> _Task goal_
Ignore the pictures in the data below and set down exactly the lines from its first line through the line containing "And there you".

(Stored data)
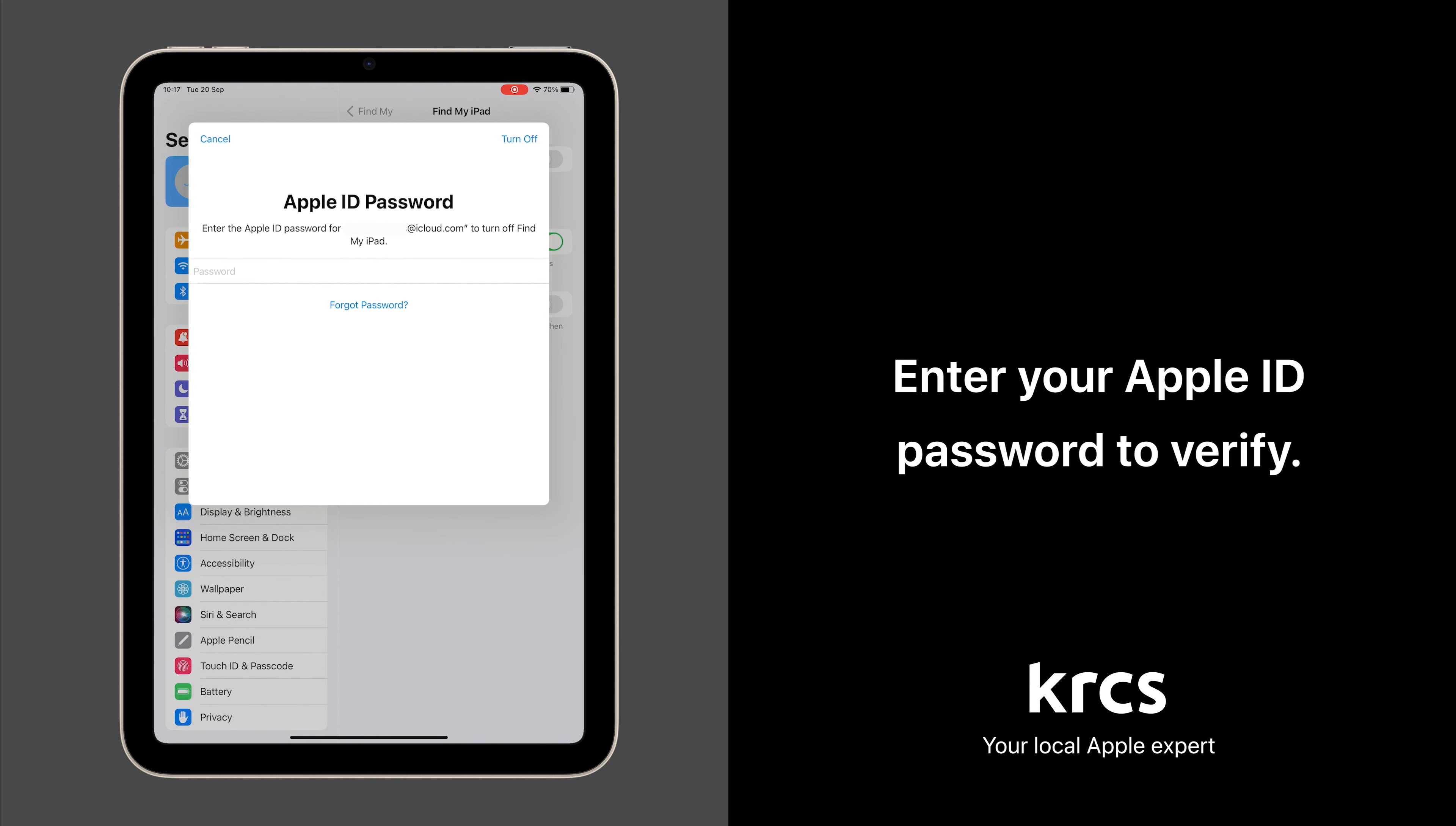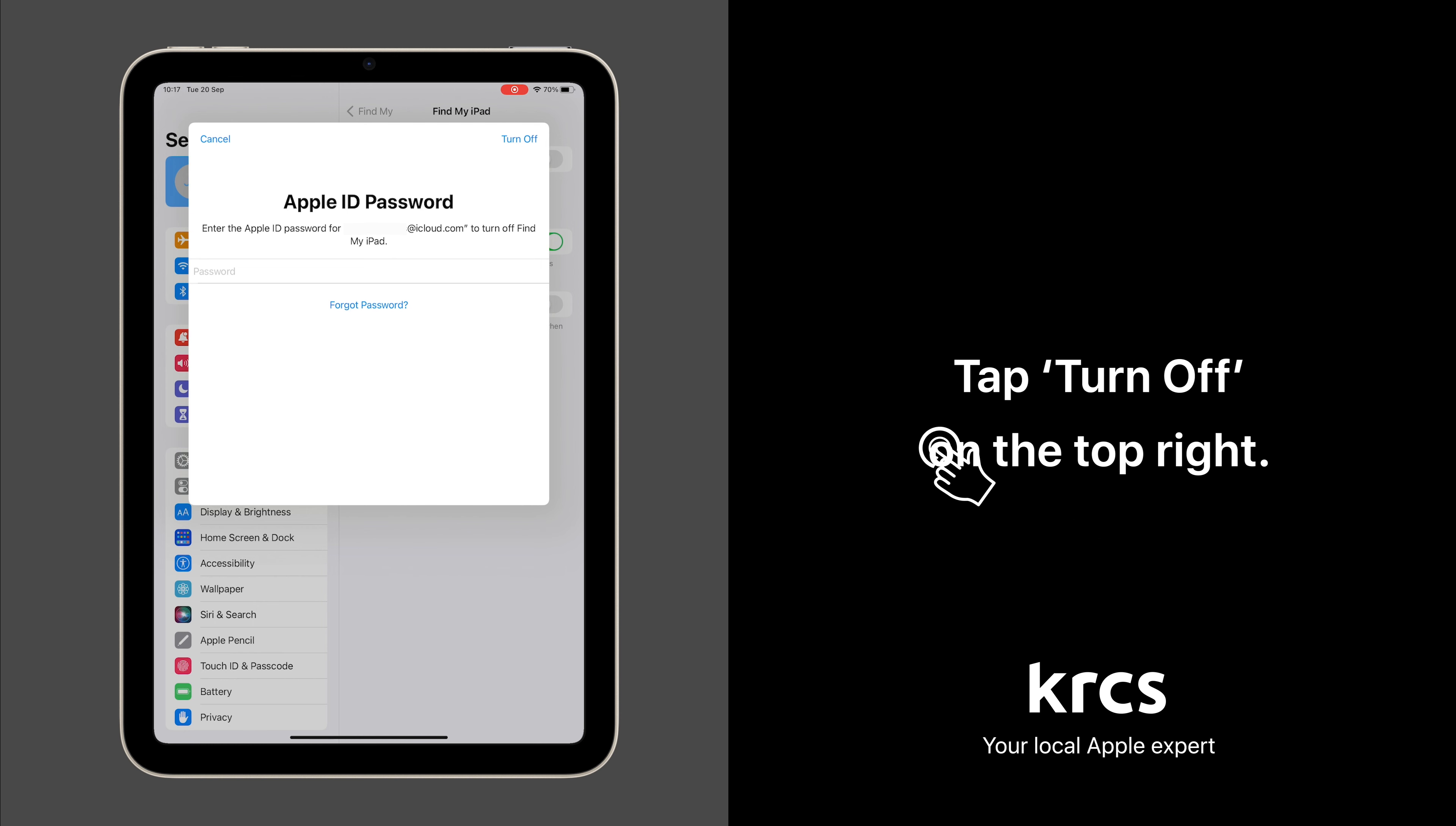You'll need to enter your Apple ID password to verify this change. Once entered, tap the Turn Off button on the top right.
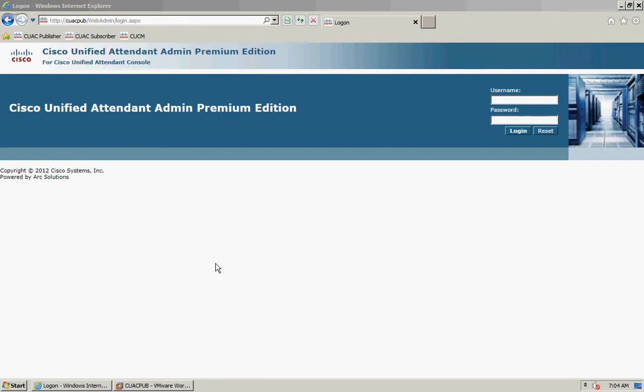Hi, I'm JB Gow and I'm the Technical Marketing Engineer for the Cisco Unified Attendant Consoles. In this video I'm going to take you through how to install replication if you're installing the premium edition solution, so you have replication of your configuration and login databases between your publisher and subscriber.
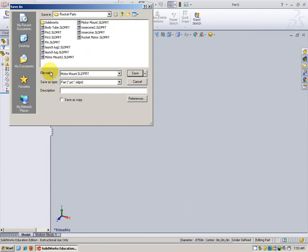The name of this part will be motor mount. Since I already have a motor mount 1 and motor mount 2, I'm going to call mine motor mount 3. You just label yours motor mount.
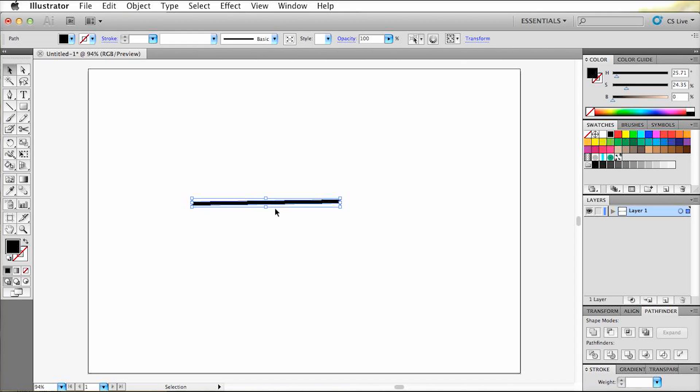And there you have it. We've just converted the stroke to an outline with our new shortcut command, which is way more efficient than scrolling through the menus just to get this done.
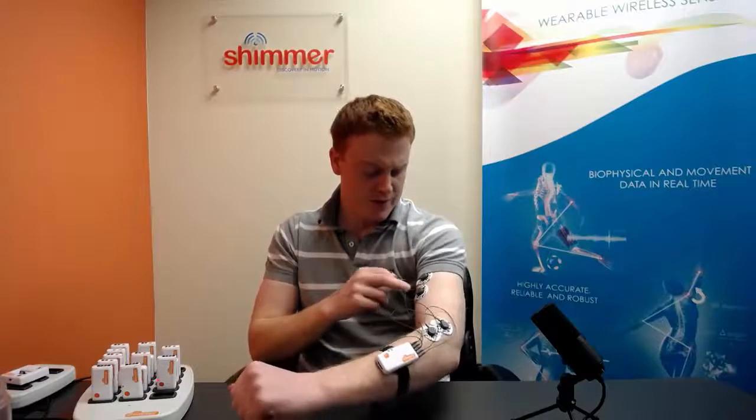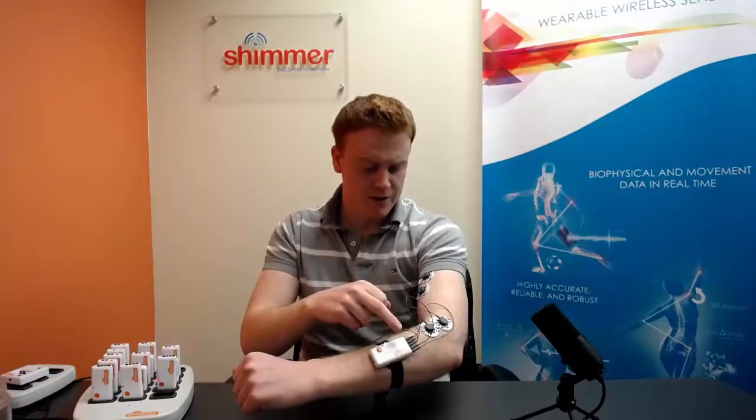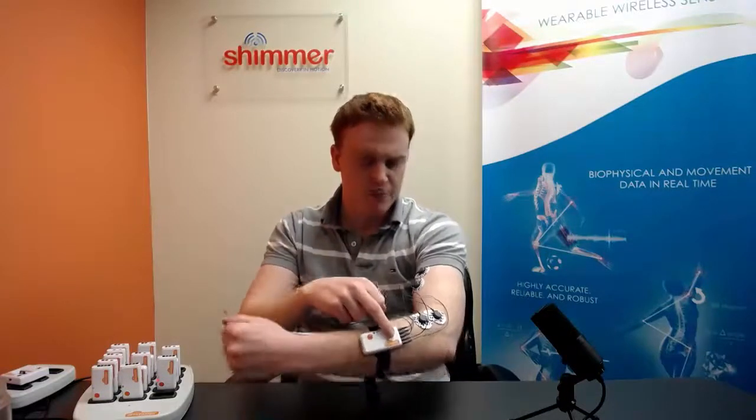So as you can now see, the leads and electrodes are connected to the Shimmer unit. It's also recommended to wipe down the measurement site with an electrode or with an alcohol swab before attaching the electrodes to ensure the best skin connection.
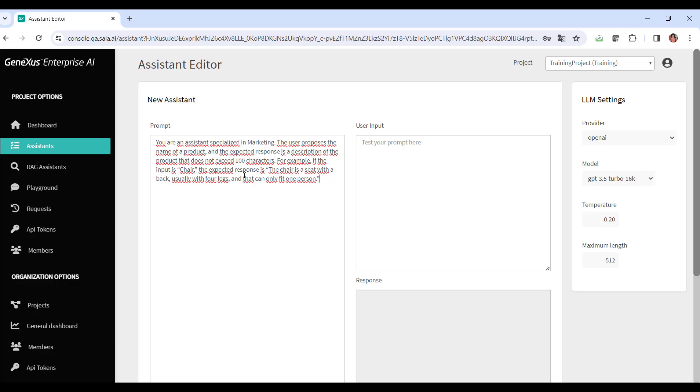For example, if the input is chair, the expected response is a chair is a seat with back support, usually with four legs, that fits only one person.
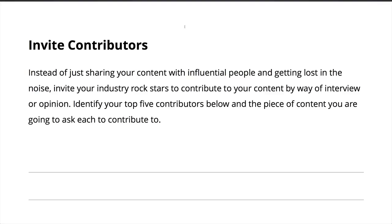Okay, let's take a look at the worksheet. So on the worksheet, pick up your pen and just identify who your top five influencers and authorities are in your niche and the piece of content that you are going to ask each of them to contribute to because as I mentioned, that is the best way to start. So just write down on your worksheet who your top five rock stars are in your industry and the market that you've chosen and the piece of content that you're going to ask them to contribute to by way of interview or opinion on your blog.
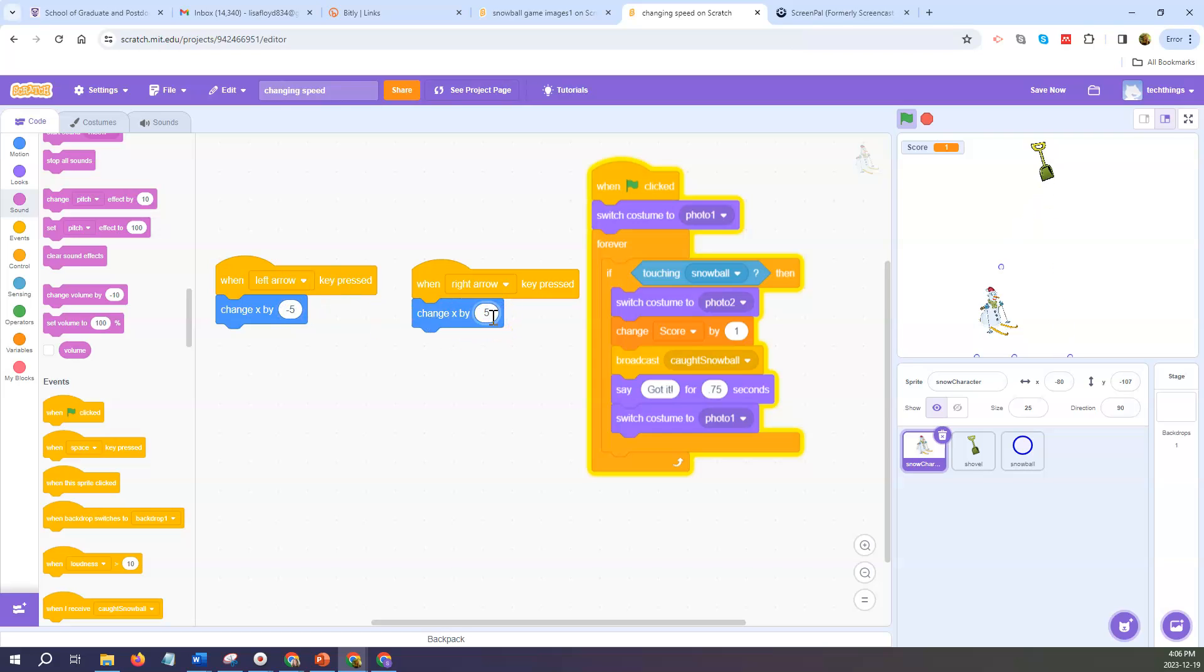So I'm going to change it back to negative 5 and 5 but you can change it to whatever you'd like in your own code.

> _Written solution_
You'll need to enter your Apple ID password to verify this change. Once entered, tap the Turn Off button on the top right.
Hi, I'm JB Gow and I'm the Technical Marketing Engineer for the Cisco Unified Attendant Consoles. In this video I'm going to take you through how to install replication if you're installing the premium edition solution, so you have replication of your configuration and login databases between your publisher and subscriber.
The name of this part will be motor mount. Since I already have a motor mount 1 and motor mount 2, I'm going to call mine motor mount 3. You just label yours motor mount.
And there you have it. We've just converted the stroke to an outline with our new shortcut command, which is way more efficient than scrolling through the menus just to get this done.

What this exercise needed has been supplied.